Savunma tamamen dış kaynaklarla yapılamaz
Verslo žinios, Litvanya'nın gerçek güvenliğin pahalıya mal olduğu hakikatiyle yüzleştiğini yazıyor:
“NATO'nun kuruluşunun 75. ve Litvanya'nın örgüte üyeliğinin 20. yılında, bölgemizdeki jeopolitik güvenliğin durumu savunma ittifakının vazgeçilmezliğini açıkça ortaya koyuyor. Dahası Litvanya'da, güvenliğimizin yalnızca müttefiklerimizin değil bizim de sorumluluğumuz olduğu ve buna gereken önemi vermemiz gerektiği konusunda git gide artan bir farkındalık söz konusu. Parlamento, önümüzdeki yıl GSYH'nin yüzde üçünün ulusal savunmaya ayrılmasına karar verdi. Ancak bunun için 400 milyon avroluk ek bir bütçeye ihtiyaç var. ... Bu kaynağın nasıl sağlanacağıysa tümüyle siyasetçilere bağlı.”

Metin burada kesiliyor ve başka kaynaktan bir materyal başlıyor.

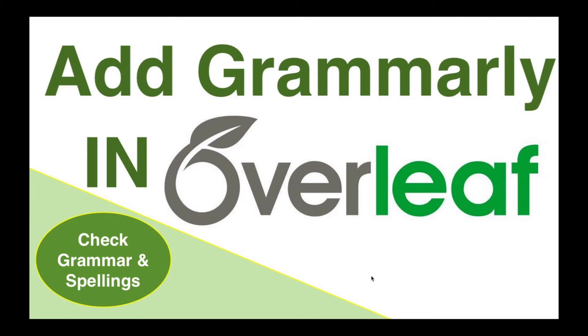Hello all, welcome to my channel Tech Research. We are in the Overleaf series, and in today's video we are going to see how to add Grammarly in Overleaf.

Rotada kalması ancak ABD liderliği sayesinde mümkün
Deutsche Welle Rumence Servisi’ne göre Romanya’daki siyaset sınıfı ülkenin güvenliğini riske atıyor:
“Önde gelen siyasetçilerimiz, ulusal çıkarlar söz konusu olunca hep kararsız kalıyor ve ABD onları önemli kararlar almaya ikna edemezse, Bükreş de Budapeşte’yle aynı yolu tutturuyor. Zor zamanlardan geçtiğimiz bu günlerde, Romanya devleti özgeçmişleri nedeniyle kırılgan ve yanlış yöne dümen kırmaları muhtemel zayıf liderler tarafından yönetiliyor. Ukrayna’daki çatışma başladığından bu yana, savunma sanayimizde gözle görülür bir büyüme gerçekleşmedi ve [ordu için] yapılan satın alımlar acil ihtiyacı karşılamıyor. ... Rumen siyasetçiler için savunma ikincil öncelikte.”